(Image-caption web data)
================================
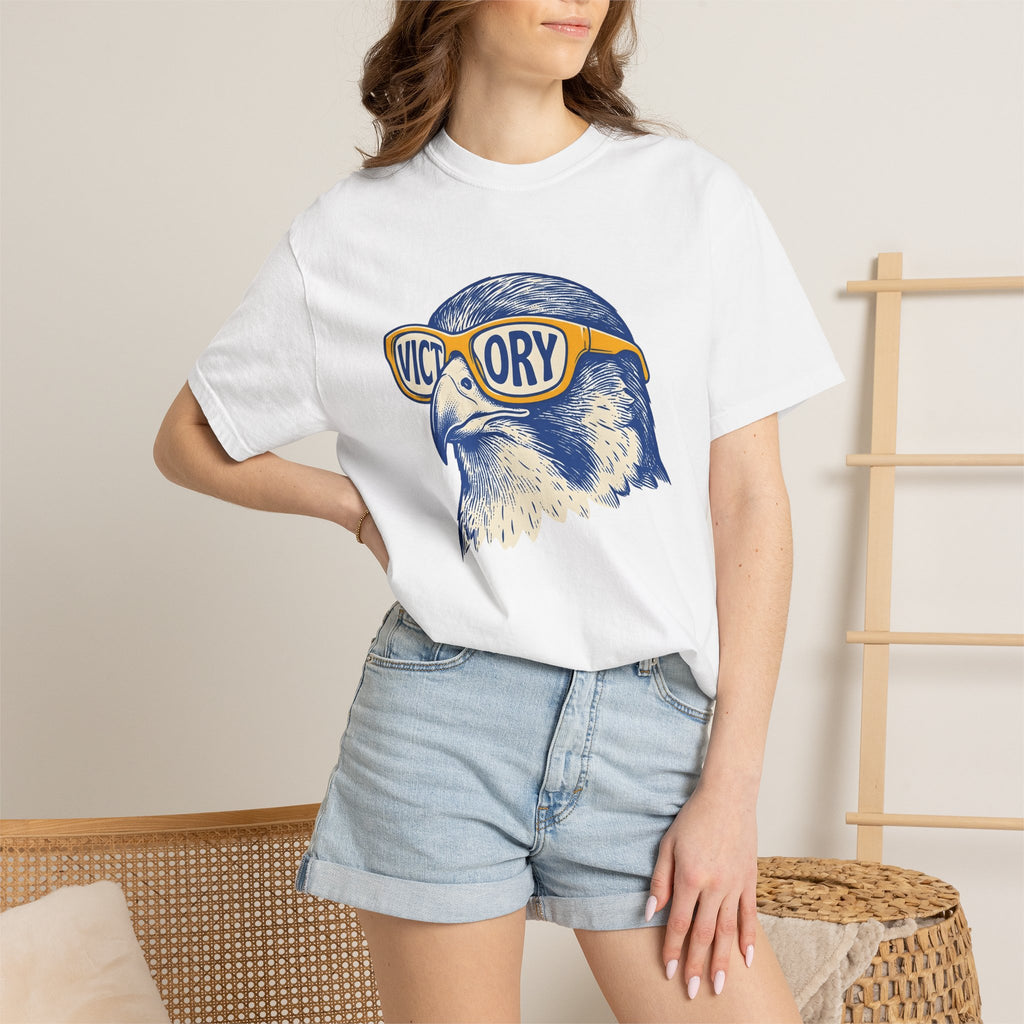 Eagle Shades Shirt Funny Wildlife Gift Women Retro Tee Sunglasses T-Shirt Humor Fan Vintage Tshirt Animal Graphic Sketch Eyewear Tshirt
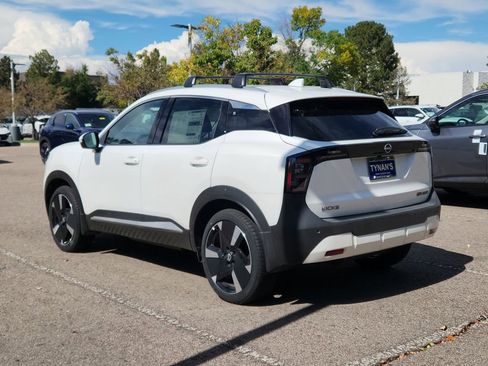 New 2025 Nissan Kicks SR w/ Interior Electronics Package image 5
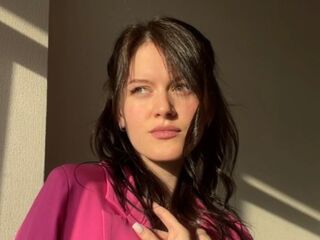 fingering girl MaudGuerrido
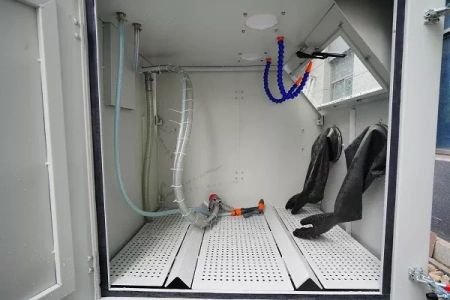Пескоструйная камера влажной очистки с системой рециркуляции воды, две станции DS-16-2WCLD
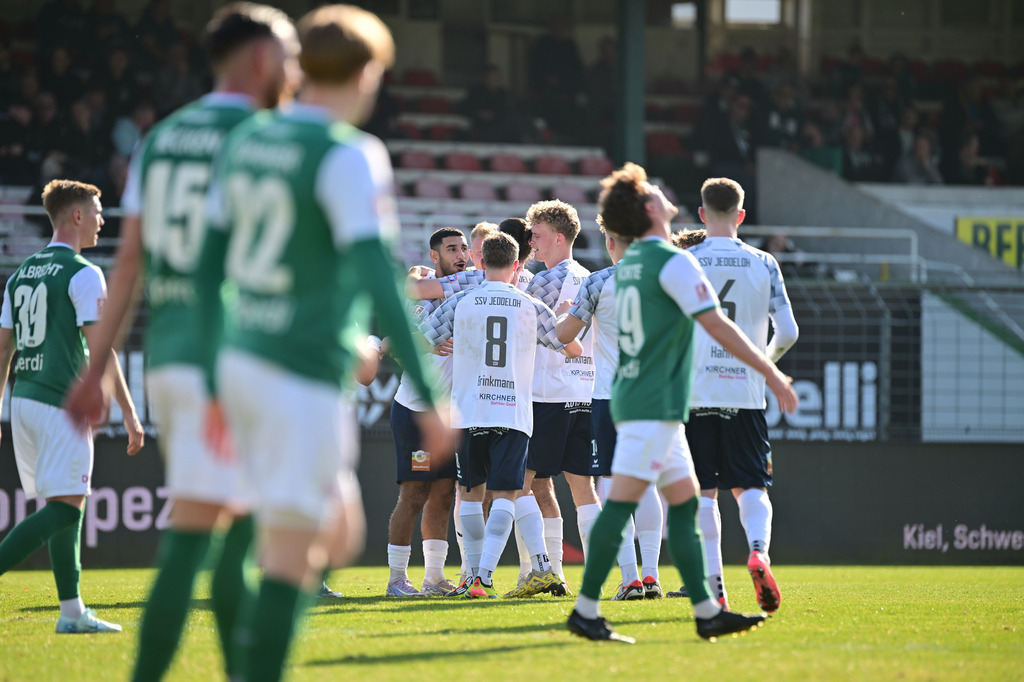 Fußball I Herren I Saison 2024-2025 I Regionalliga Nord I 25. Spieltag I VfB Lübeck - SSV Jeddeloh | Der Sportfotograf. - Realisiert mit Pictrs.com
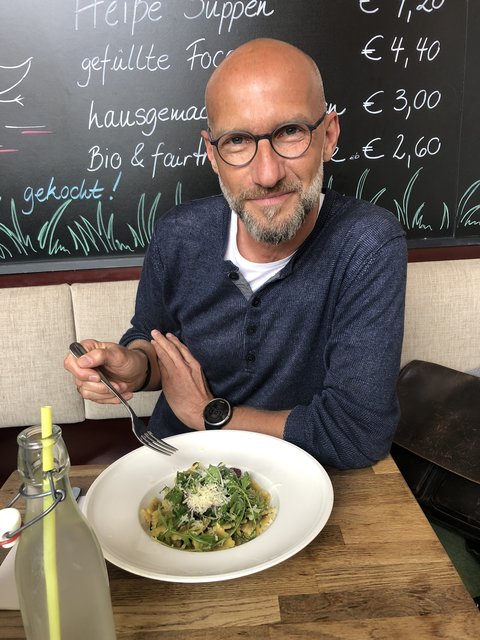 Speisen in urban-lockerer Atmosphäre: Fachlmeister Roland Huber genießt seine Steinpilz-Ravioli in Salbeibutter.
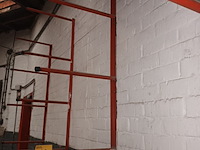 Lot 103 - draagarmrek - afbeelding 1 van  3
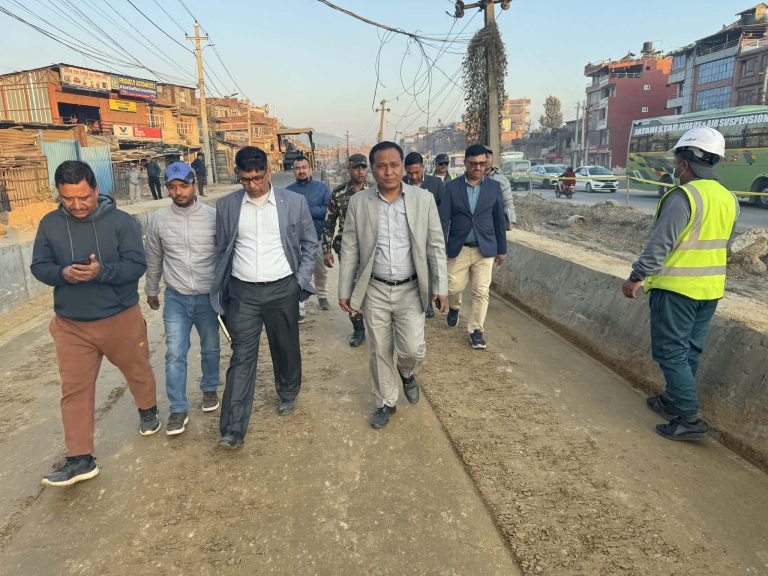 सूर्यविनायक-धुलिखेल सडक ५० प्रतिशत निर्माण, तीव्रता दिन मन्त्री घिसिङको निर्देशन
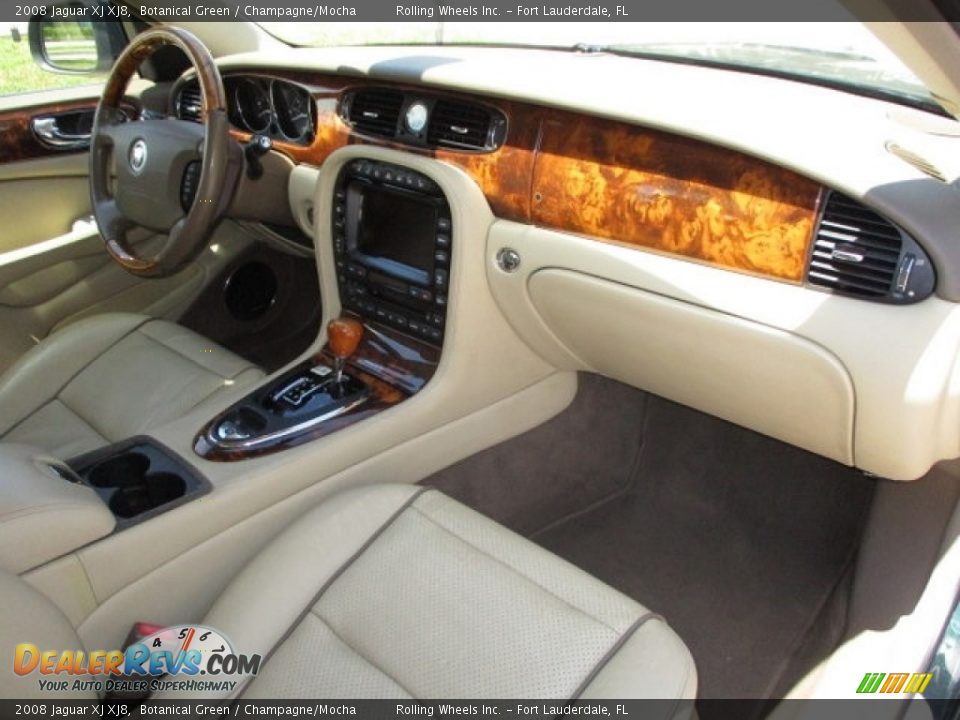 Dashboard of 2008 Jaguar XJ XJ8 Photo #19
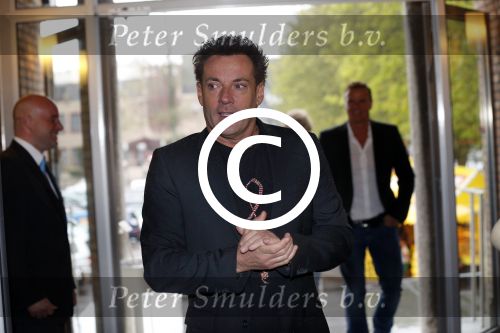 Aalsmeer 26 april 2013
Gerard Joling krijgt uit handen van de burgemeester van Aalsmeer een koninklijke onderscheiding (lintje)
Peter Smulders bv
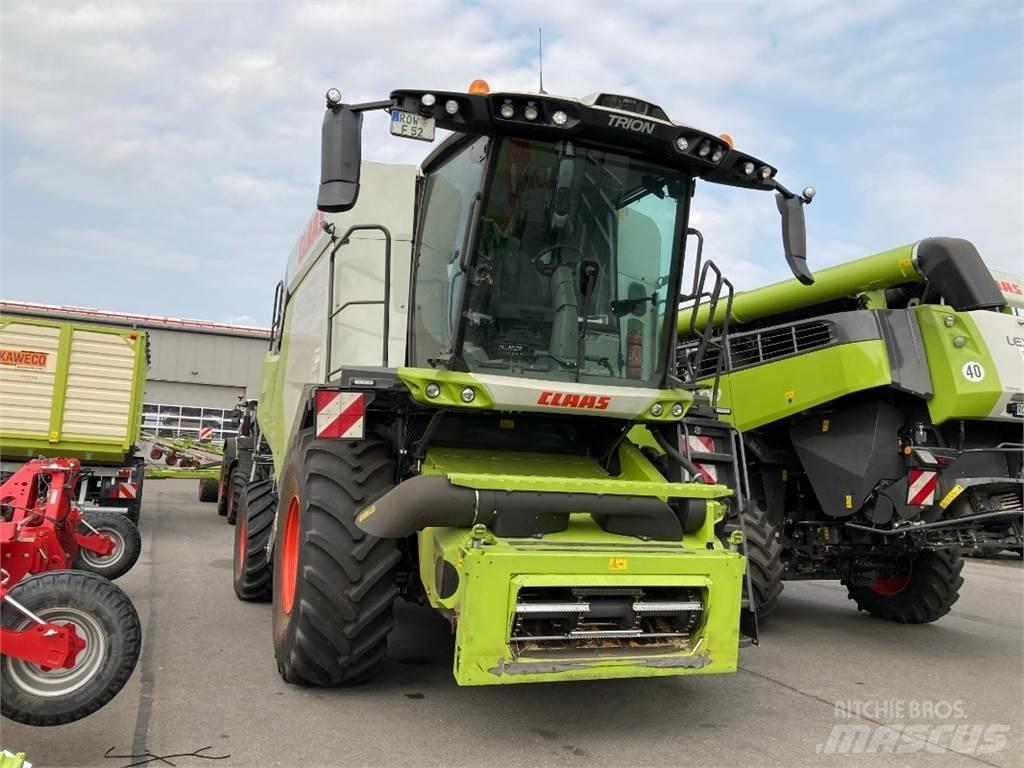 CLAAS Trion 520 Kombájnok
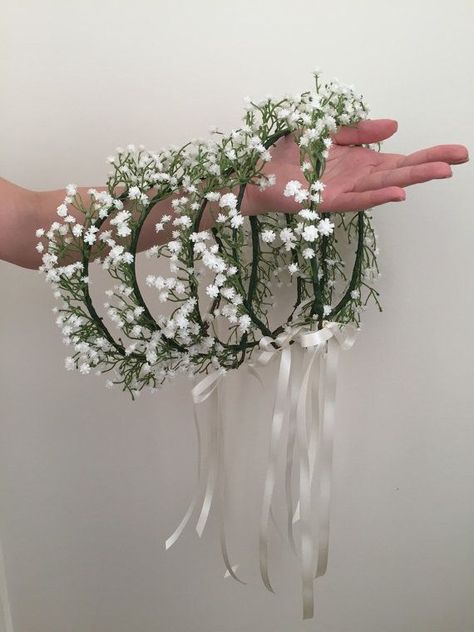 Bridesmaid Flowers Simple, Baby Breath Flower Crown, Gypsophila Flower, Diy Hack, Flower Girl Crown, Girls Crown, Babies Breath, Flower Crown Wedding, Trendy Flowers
================================
§ TASK DIRECTIONS
Could you set down, exactly as written, every line from the one with "Dashboard of 2008 Jaguar XJ XJ8 Photo #19" to the end of the data, both ends included? Leave out the pictures.

§ WRITTEN REPLY
 Dashboard of 2008 Jaguar XJ XJ8 Photo #19
 Aalsmeer 26 april 2013
Gerard Joling krijgt uit handen van de burgemeester van Aalsmeer een koninklijke onderscheiding (lintje)
Peter Smulders bv
 CLAAS Trion 520 Kombájnok
 Bridesmaid Flowers Simple, Baby Breath Flower Crown, Gypsophila Flower, Diy Hack, Flower Girl Crown, Girls Crown, Babies Breath, Flower Crown Wedding, Trendy Flowers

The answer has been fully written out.